[EXERCISE INSTRUCTIONS] Everything from the first line of the data through the line with "Woman wearing a" is to be echoed exactly, minus the pictures.

[DATA SECTION]
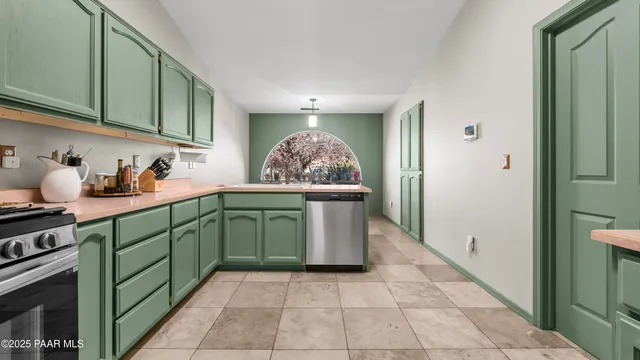 a bathroom with a double vanity sink mirror and a bathtub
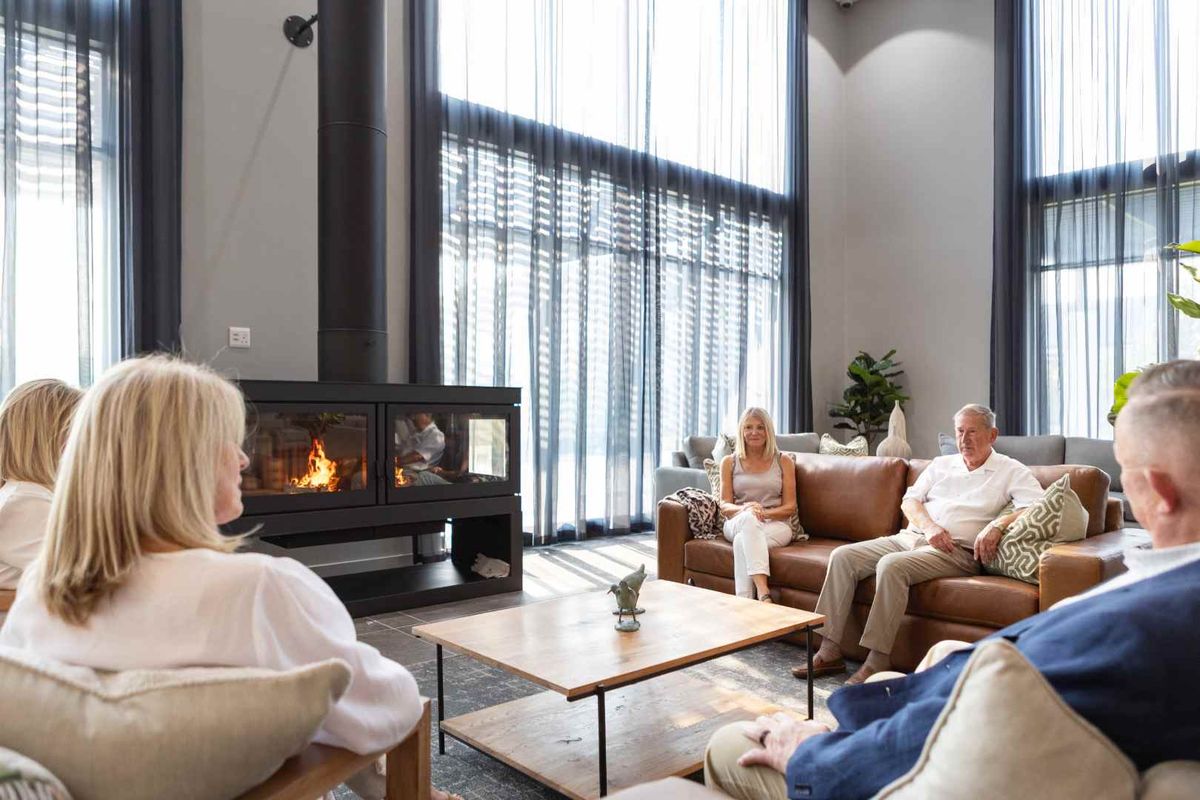 Spacious living room featuring double-height ceilings, floor-to-ceiling windows, and a modern built-in fireplace as a central focal point.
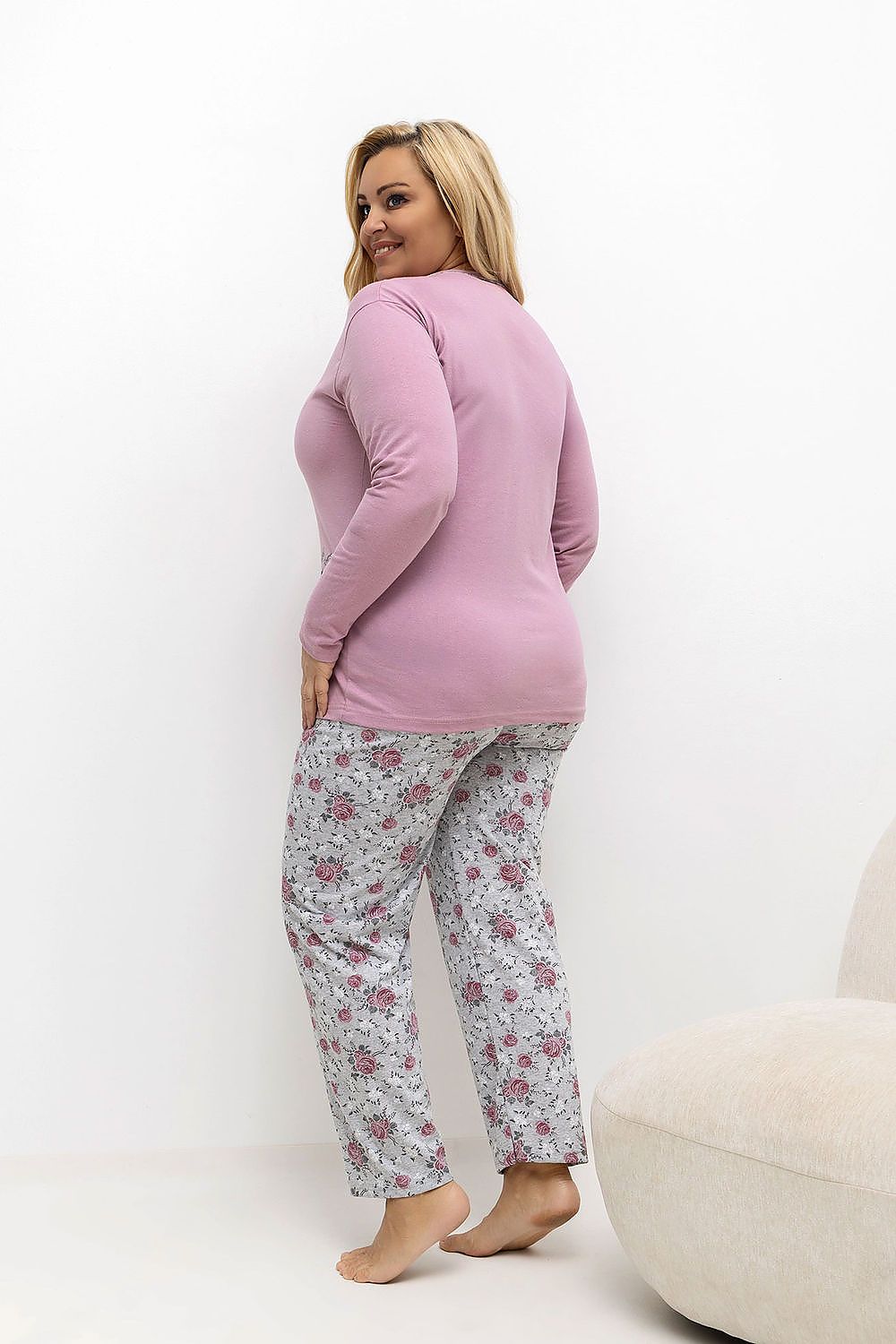 Woman wearing a pink top and floral pants on a white background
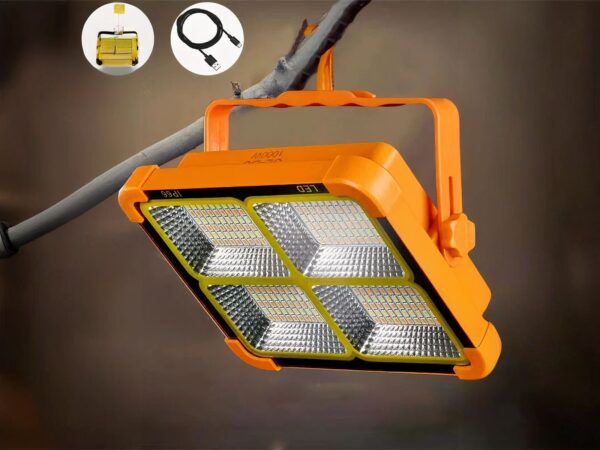 Lampe de travail LED solaire rechargeable, orange, accrochée à une branche d'arbre.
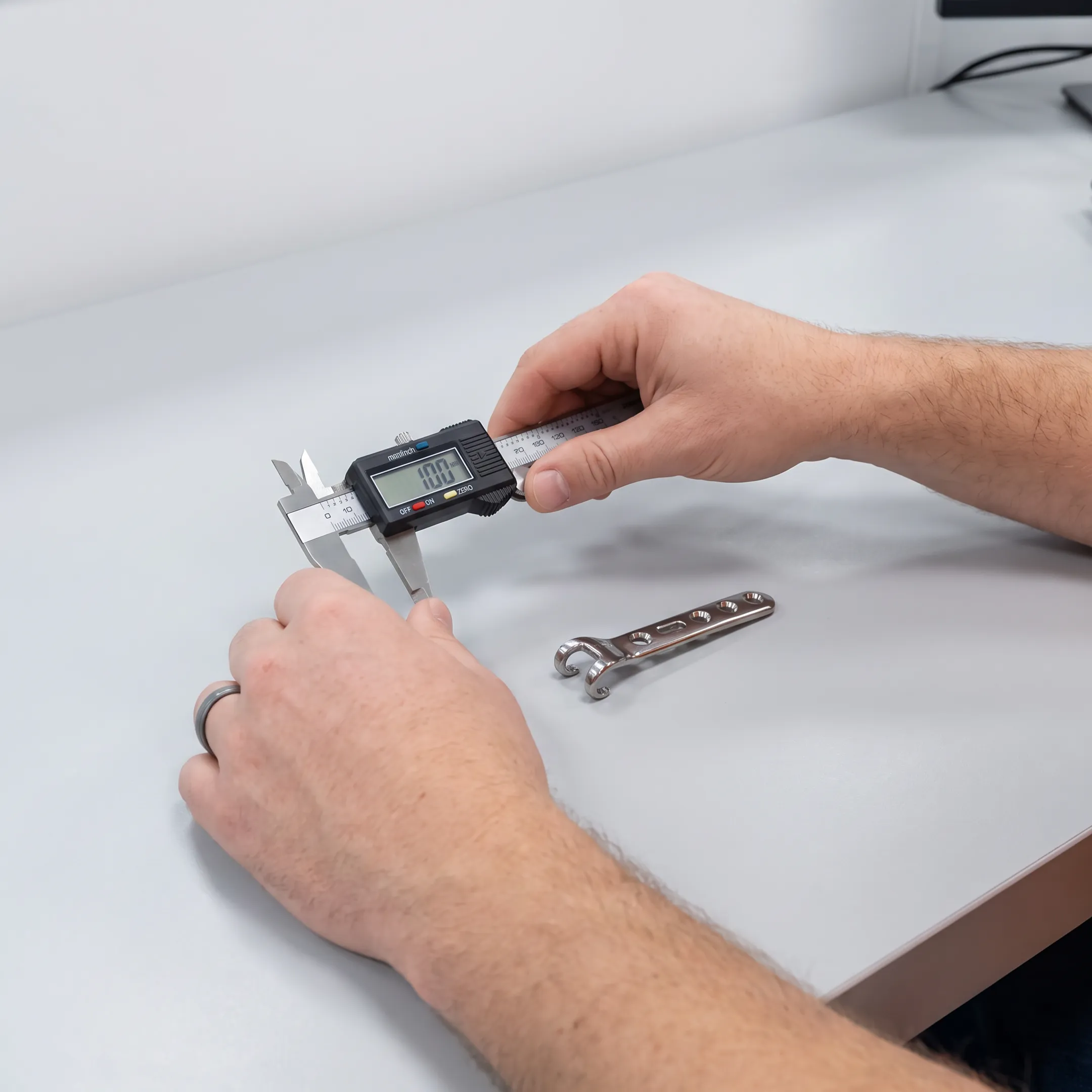 Orthopedic hook plate prototype undergoing precision inspection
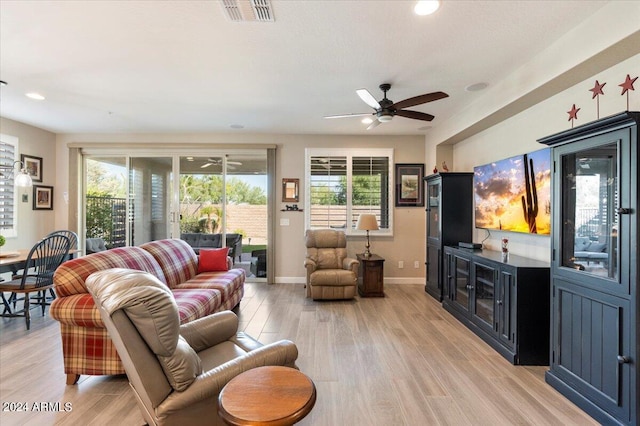 living room with ceiling fan, light wood-type flooring, and plenty of natural light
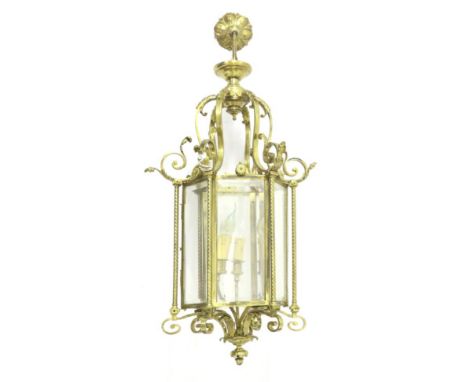 A Victorian Brass Hanging Lantern, mid 19th century, of hexagonal shaped form with bevelled glass panels, spiral turned suppo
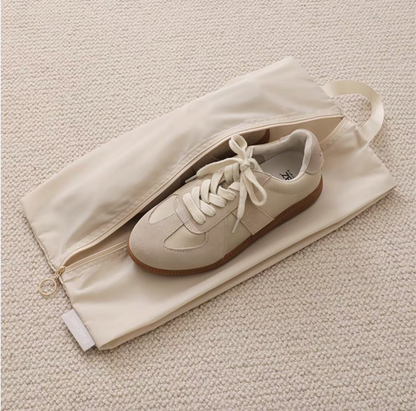 Travel Shoe Dust Bag in beige color with single sneaker inside highlighting zipper closure and dust-proof protection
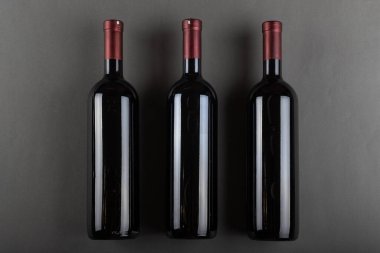 Gri bir ofiste tıpalanmış üç şişe kırmızı şarap. Alkolik içki. Şarap yapma konsepti. Mesaj için yer var. Üst görünüm.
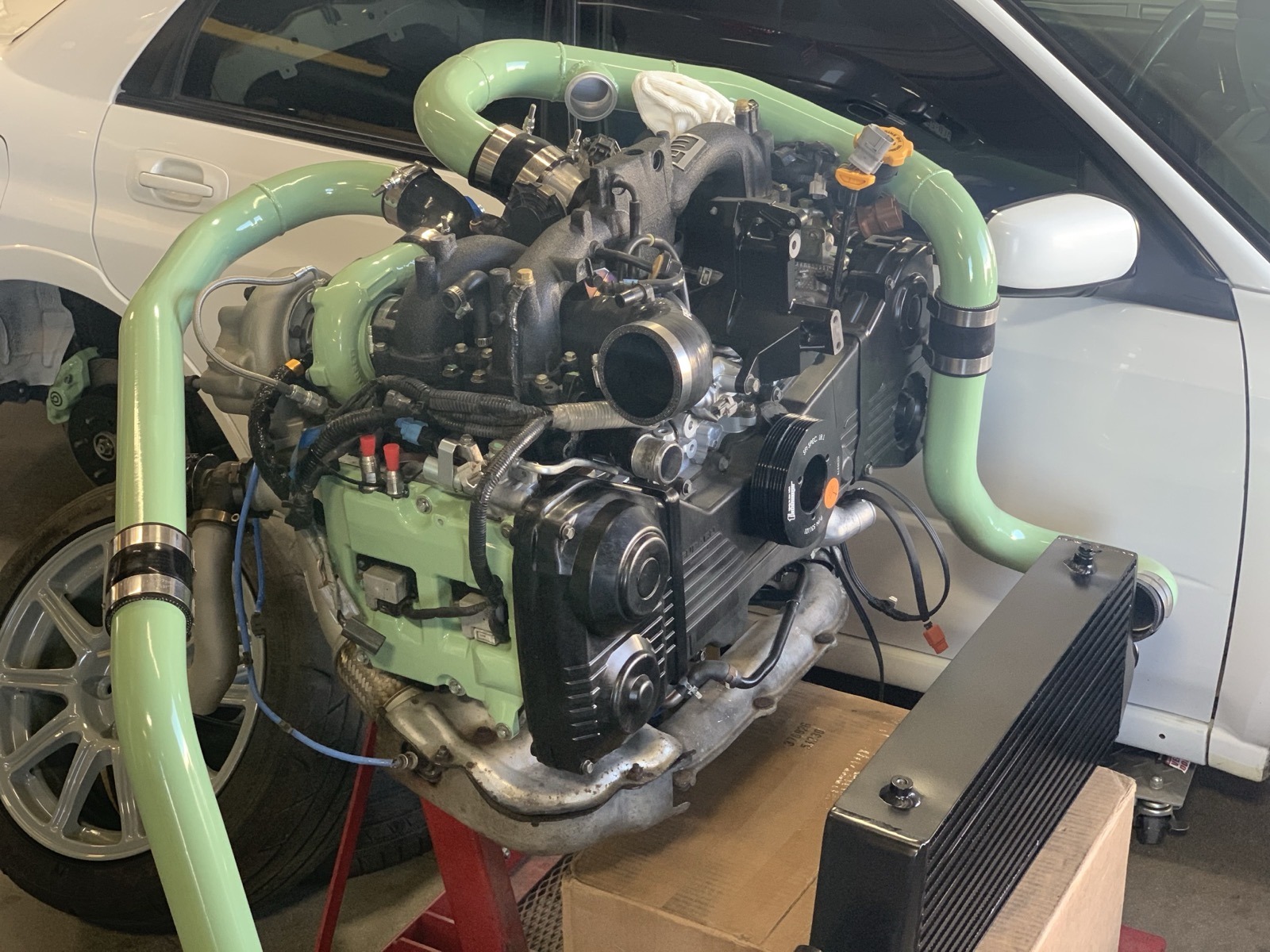 Mint green engine on stand powder coated Denver Colorado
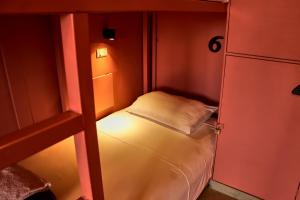 Postel nebo postele na pokoji v ubytování Casa Nomada Tuxtla Hotel - Hostal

[EXERCISE OUTPUT]
 a bathroom with a double vanity sink mirror and a bathtub
 Spacious living room featuring double-height ceilings, floor-to-ceiling windows, and a modern built-in fireplace as a central focal point.
 Woman wearing a pink top and floral pants on a white background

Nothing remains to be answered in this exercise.